Blame game, empty threats over holiday tuition

‘Tuition available for Forms One to Four’ is boldly written in red on a piece of white cloth, and displayed on the second floor of an unfinished building in Rongai town.

The sign hangs over jutting wires and bits of timber. Across the road, another sign reads: ‘Tuition for Mathematics, Physics and Chemistry, starting August 10th.’

Such notices are all over residential estates, plastered on walls, electricity poles and on any public notice board available.

Online, social media-savvy teachers are hungrily marketing their skills.

Some even go as far as advertising their services on OLX, claiming they can teach French and German to help the students gain an upper hand and to ensure that they spend their holiday well.

Most students in Kenya have holiday tuition either by choice (they ask for it) or by force (parents order them or the school decides they must stay on for two weeks while other schools close).

The debate over the necessity of remedial tuition picks up momentum every school holiday as some schools continue the practice in blatant disregard of the Government ban. 

Director for Quality Assurance and Standards at the Ministry of Education, Mohammed Mwinyipembe, recently warned heads of schools and their deputies, “Teachers know that the Basic Education Act outlaws holiday tuition. Anyone holding students during the holidays is breaking the law.”

But these may just be empty threats considering how many schools continue to teach during the holidays.

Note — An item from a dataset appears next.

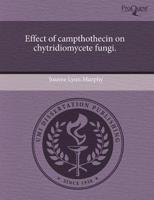 Effect of Campthothecin On Chytridiomycete Fungi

Exam candidates are usually the most affected.

There are three groups in the tuition debate — teachers, parents and students. The teachers have been accused by parents of deliberately failing to cover the required work within the regular school hours so that they can call for tuition.

Time to rest

Their aim, it has been said, is to earn some money on the side.

Parents, on the other hand, have been accused of being too results-driven to give their children time to rest and rejuvenate.

Some have even been accused of sending their children for tuition to avoid the hassles of parenting when the children are home on holiday.

The boy or girl at the centre of the debate, however, has the most to lose or gain from tuition.

“The desire to see one’s child do well in exams and be successful in life is one that all parents have. I want my son who is in Form Two to do well, but I can’t force him to sign up for remedial lessons when he is on holiday.

“If he wants it, I will pay the teacher but if he doesn’t, then all I can do is to encourage him to study more on his own,” says Alphonse Mainye.

Most parents would agree with him. A few, however, will force their children into tuition classes.

Perhaps it is time the education stakeholders interrogated some of the issues that necessitate holiday tuition.

Are the syllabuses too large to cover in the stipulated time or is it that the school hours are not enough?

Does tuition help or is it just a cash cow for teachers?

Is there a knowledge overload, considering that there are 8am-5pm class hours, two hours of prep-time every morning before 8am and three or four hours prep time after 7pm for three months?

If indeed, the syllabuses are too large, then it forces teachers to rush through them for the sake of ‘covering all areas’ at the expense of the students properly grasping the concepts.

This then necessitates tuition to allow the teachers and students revisit the parts rushed through or cover the parts that were not missed. The debate goes on.